En ese período, su discurso no evitaba nombres ni responsabilidades. La crisis no era presentada como un fenómeno abstracto ni como una suma de errores colectivos: era consecuencia de decisiones políticas concretas. La Iglesia —decía entonces— no podía ser neutral frente a la injusticia sin traicionar su misión.
Ese perfil comenzó a mutar con el paso del tiempo y, sobre todo, con la consolidación del régimen de Nicolás Maduro. Sin una ruptura explícita, el cardenal fue desplazando el eje de su intervención pública: de la denuncia a la mediación, del señalamiento al acompañamiento, del conflicto a la exhortación.
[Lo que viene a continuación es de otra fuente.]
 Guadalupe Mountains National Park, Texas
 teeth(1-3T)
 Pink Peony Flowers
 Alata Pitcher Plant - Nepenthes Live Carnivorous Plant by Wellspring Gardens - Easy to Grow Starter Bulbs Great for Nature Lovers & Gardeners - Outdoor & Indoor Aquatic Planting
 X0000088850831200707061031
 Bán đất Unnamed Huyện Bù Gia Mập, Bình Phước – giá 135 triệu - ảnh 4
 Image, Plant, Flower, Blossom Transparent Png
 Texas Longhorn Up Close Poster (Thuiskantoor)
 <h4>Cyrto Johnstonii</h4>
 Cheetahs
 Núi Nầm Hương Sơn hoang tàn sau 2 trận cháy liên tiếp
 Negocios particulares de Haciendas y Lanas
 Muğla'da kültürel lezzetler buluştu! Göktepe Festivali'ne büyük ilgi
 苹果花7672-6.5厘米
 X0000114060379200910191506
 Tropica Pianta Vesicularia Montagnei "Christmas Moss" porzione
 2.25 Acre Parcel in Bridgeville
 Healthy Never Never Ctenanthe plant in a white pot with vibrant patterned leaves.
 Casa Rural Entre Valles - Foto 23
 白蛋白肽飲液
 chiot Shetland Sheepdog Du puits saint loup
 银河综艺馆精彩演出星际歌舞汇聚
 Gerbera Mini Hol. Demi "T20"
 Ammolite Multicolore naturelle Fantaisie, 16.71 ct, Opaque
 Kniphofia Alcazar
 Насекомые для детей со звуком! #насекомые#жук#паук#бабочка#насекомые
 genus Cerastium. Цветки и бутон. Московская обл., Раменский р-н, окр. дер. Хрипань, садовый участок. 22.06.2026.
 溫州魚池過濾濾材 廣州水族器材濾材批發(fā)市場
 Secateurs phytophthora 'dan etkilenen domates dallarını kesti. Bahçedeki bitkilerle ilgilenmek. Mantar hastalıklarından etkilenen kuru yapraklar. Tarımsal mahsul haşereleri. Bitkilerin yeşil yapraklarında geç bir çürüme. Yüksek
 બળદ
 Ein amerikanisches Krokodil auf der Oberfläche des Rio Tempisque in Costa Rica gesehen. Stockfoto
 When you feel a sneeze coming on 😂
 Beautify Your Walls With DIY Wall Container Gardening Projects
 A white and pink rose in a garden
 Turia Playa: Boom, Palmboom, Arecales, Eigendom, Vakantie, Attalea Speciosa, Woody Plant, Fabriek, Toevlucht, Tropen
Convertido en cardenal y figura central del episcopado, Porras pasó a ocupar un rol funcionalmente distinto. Pero esa transición no lo puso a salvo del poder, como demostrarían los hechos posteriores. Su palabra empezó a ser leída —dentro y fuera del país— como la de un interlocutor aceptable para el poder. El lenguaje se volvió más cuidadoso, más institucional, más atento a preservar espacios que a confrontar abusos.
El problema no es la mediación en sí. El problema surge cuando la mediación se ejerce sin condiciones claras, sin exigencia de verdad y sin reconocimiento explícito de las víctimas. En ese punto, el mediador corre el riesgo de convertirse en amortiguador del conflicto, no en defensor del agraviado.
El caso Porras ilustra una tensión clásica en la historia de la Iglesia bajo regímenes autoritarios: cuando una voz gana acceso al poder, pierde capacidad de interpelarlo. La cercanía, presentada como oportunidad pastoral, puede transformarse en límite moral.
Hoy, para muchos venezolanos, la figura de Baltazar Porras simboliza un tránsito incómodo y contradictorio: de referente crítico a mediador limitado, expuesto a represalias directas del régimen cuando su presencia resulta inconveniente. No por adhesión ideológica al régimen, sino por una moderación que termina desbalanceando la balanza moral.
Este contraste no pretende juzgar intenciones personales. Las intenciones no absuelven efectos. En contextos de represión sistemática, lo que cuenta no es la buena fe, sino el lugar objetivo que ocupa cada palabra.
Ese itinerario quedó brutalmente expuesto en diciembre de 2025. Las autoridades venezolanas retiraron al cardenal Porras su pasaporte diplomático emitido por la Santa Sede y le impidieron abandonar el país cuando se disponía a viajar a España. El purpurado fue retenido en el aeropuerto de Caracas, amenazado con detención si insistía y obligado a regresar a su casa. El hecho fue condenado por la Conferencia Episcopal Venezolana y por organizaciones de derechos humanos, mientras el Vaticano optó por el silencio prudente.
El episodio —ocurrido el mismo día en que María Corina Machado recibía el Premio Nobel de la Paz— no fue un error administrativo. Constituyó un gesto político deliberado y un conflicto diplomático abierto con la Santa Sede, el primero que enfrenta el pontificado de León XIV. También confirmó que, incluso cuando la Iglesia modera su lenguaje, el poder no duda en humillar a sus jerarcas cuando lo considera necesario.
Así, el caso Porras dialoga con el silencio actual de la Conferencia Episcopal: ambos revelan cómo la prudencia pastoral, cuando se prolonga y se acumula, no garantiza protección, pero sí debilita la capacidad de interpelación moral.
Y también aquí la historia hará su trabajo. No preguntará qué se quiso hacer, sino qué se hizo —y qué no— cuando hablar todavía era posible.